What you need to do →
Leave the pictures out and restate every line below exactly.

Data provided →
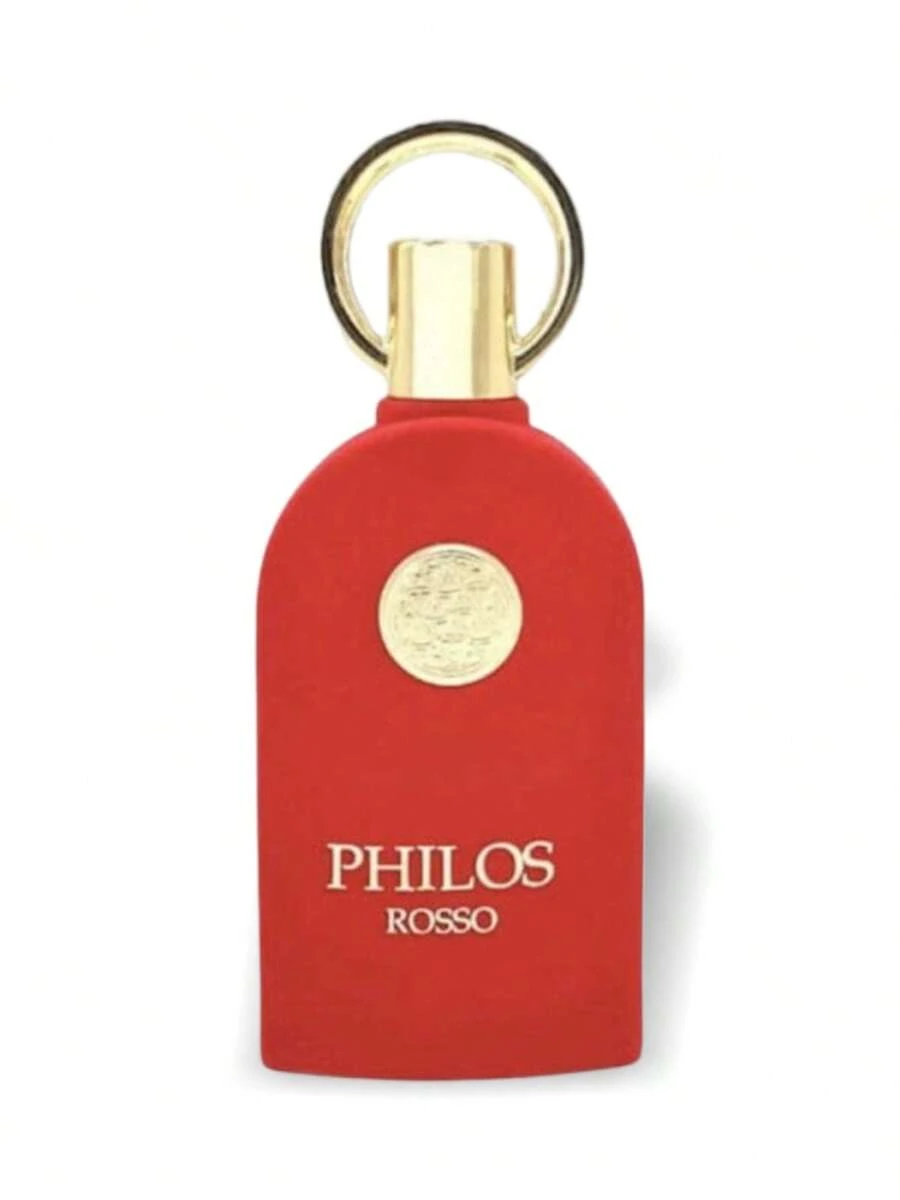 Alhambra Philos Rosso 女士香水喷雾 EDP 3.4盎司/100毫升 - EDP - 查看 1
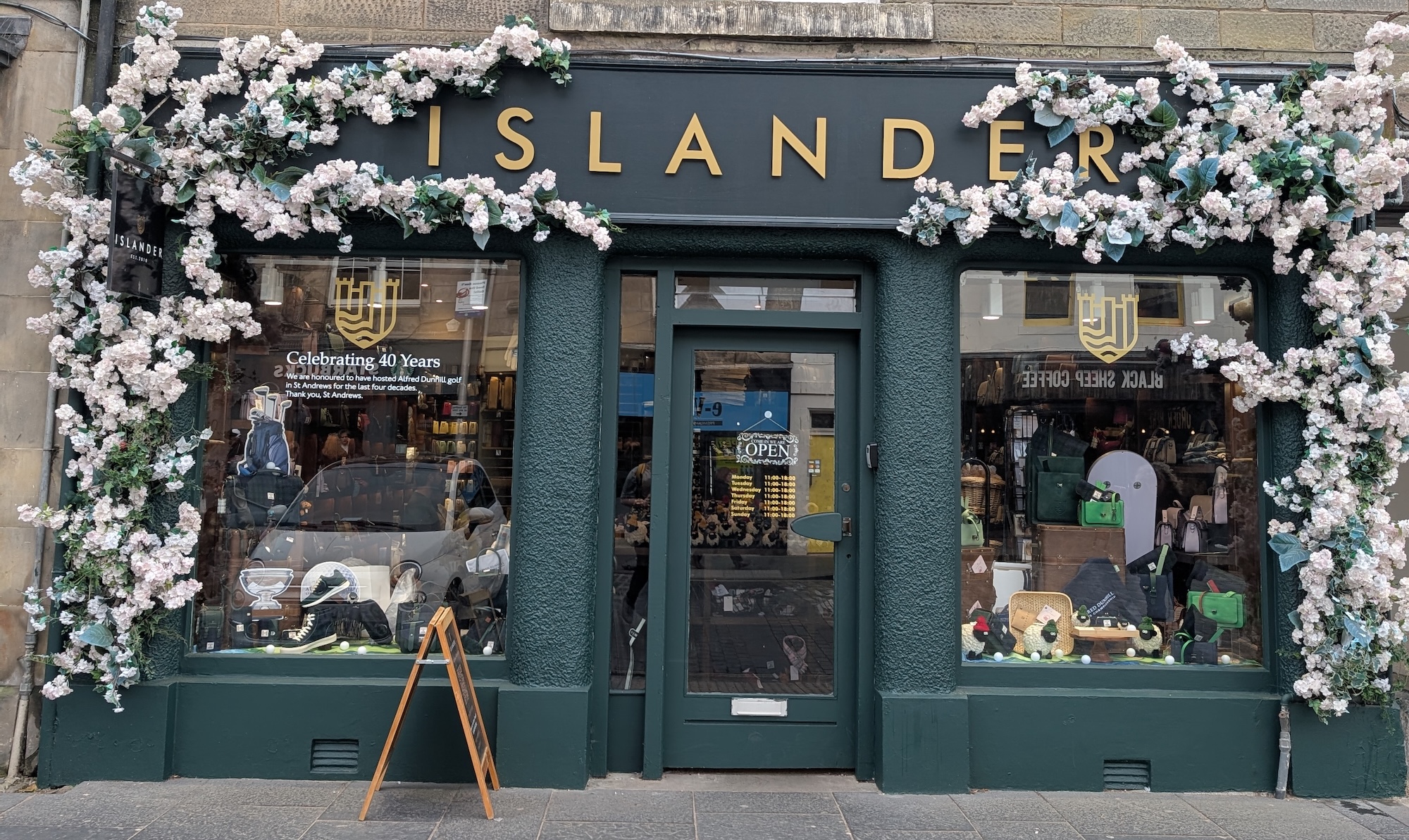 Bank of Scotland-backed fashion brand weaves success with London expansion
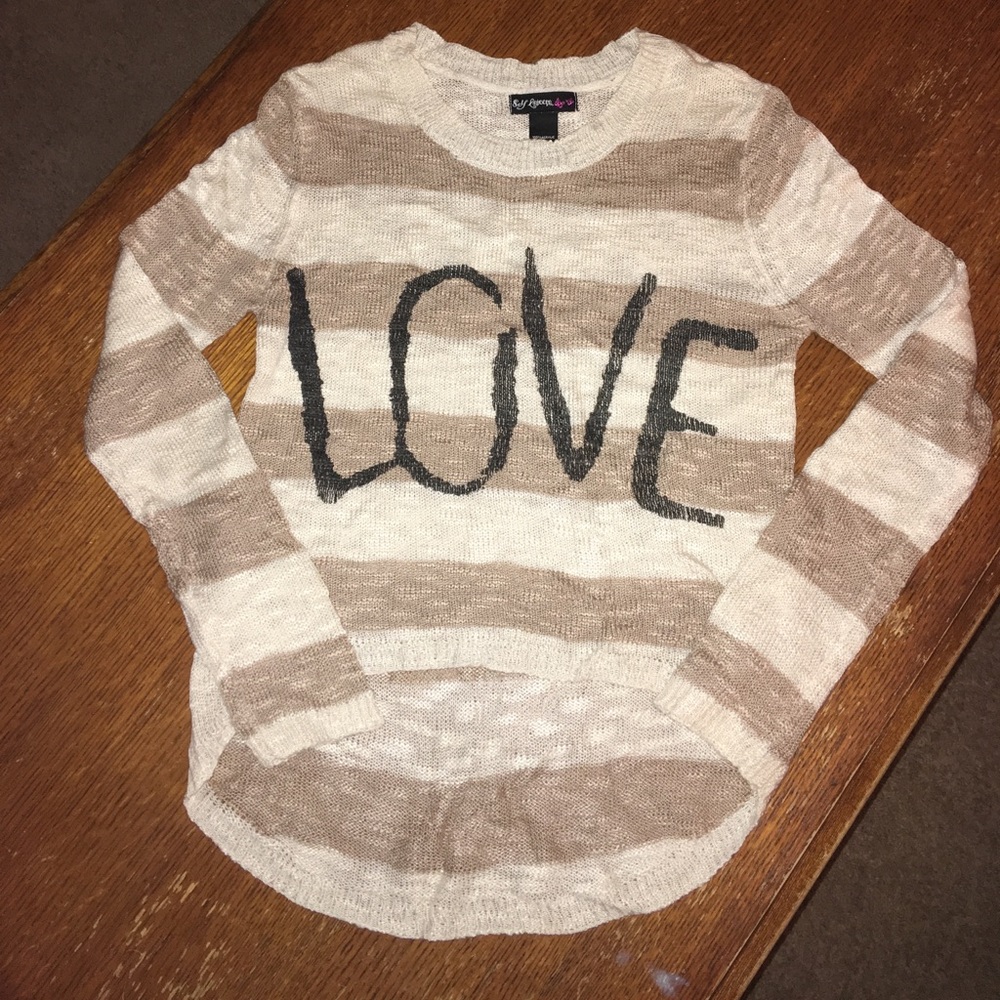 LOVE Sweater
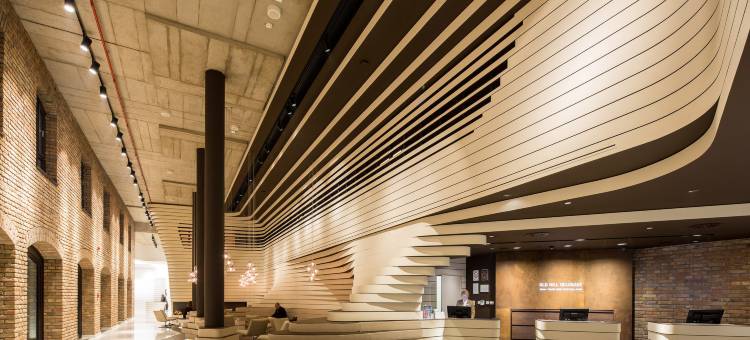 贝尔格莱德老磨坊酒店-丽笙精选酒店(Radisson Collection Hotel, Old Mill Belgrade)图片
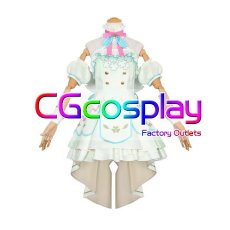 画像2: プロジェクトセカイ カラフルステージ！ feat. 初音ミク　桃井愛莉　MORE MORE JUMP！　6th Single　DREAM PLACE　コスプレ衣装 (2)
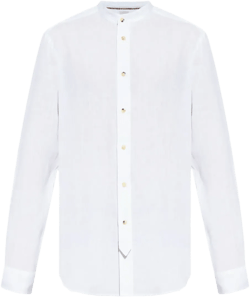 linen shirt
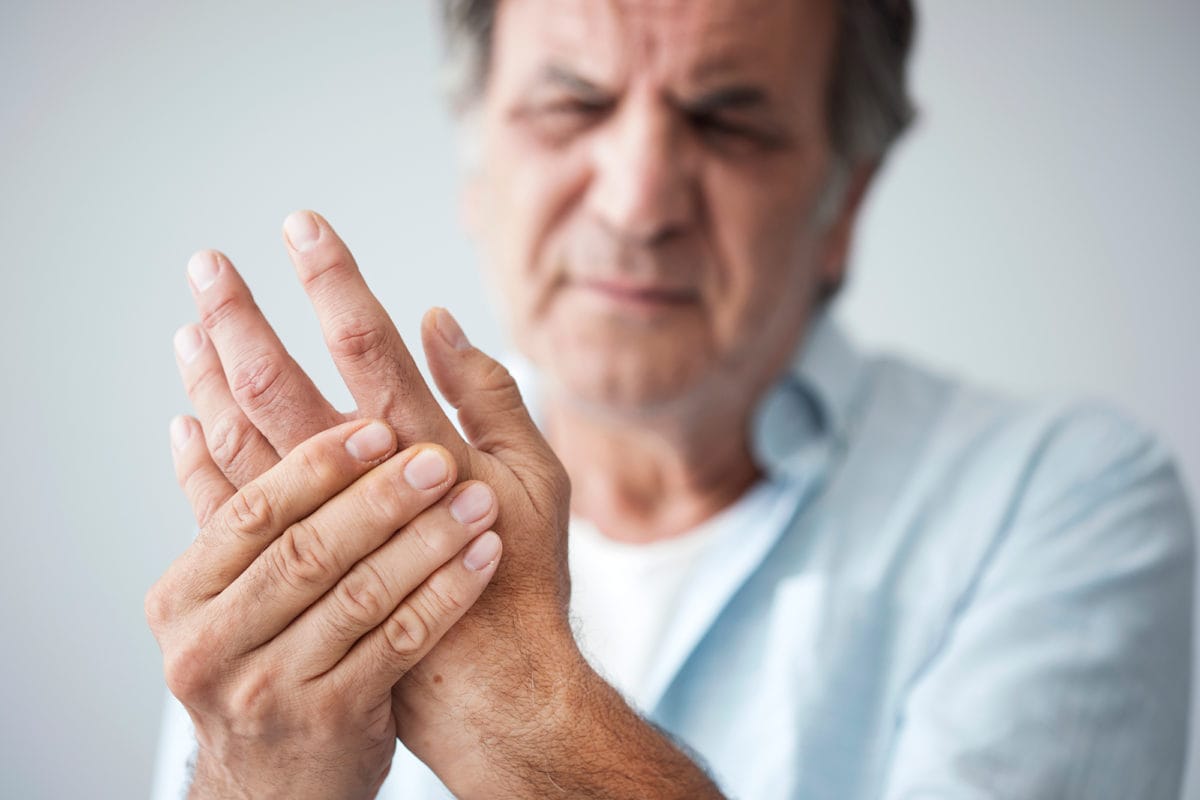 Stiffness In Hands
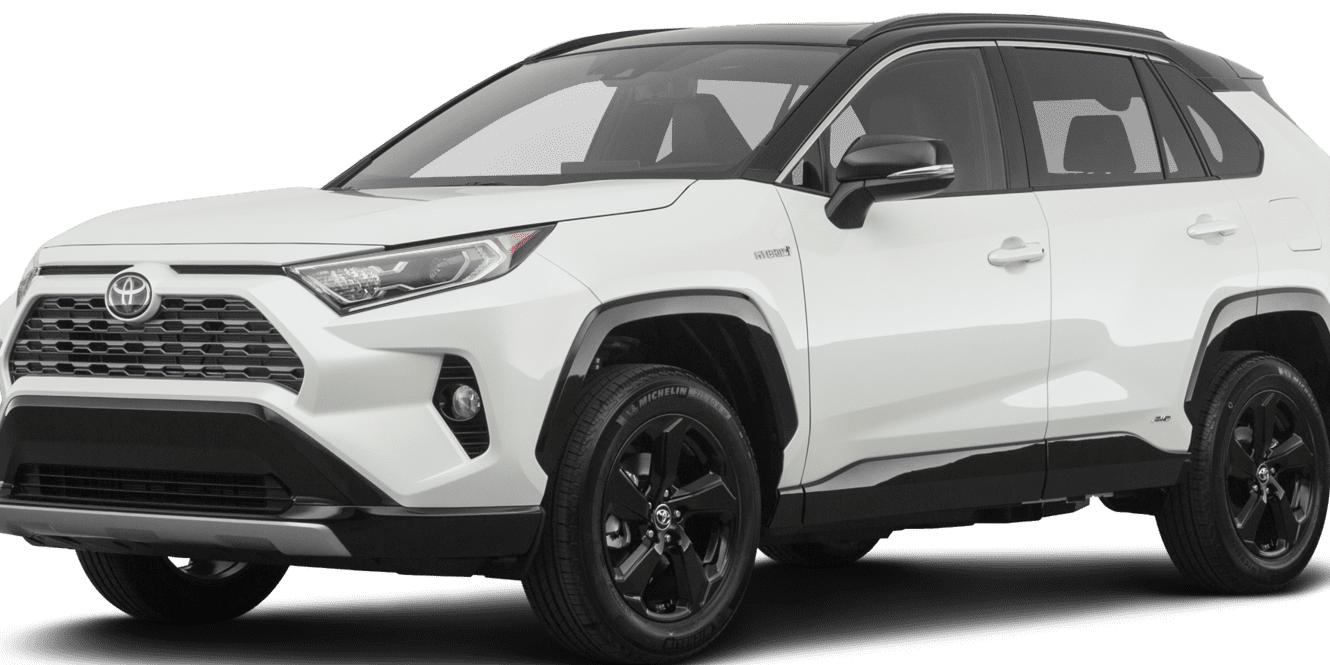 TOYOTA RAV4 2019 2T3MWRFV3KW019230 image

Output of the exercise →
 Alhambra Philos Rosso 女士香水喷雾 EDP 3.4盎司/100毫升 - EDP - 查看 1
 Bank of Scotland-backed fashion brand weaves success with London expansion
 LOVE Sweater
 贝尔格莱德老磨坊酒店-丽笙精选酒店(Radisson Collection Hotel, Old Mill Belgrade)图片
 画像2: プロジェクトセカイ カラフルステージ！ feat. 初音ミク　桃井愛莉　MORE MORE JUMP！　6th Single　DREAM PLACE　コスプレ衣装 (2)
 linen shirt
 Stiffness In Hands
 TOYOTA RAV4 2019 2T3MWRFV3KW019230 image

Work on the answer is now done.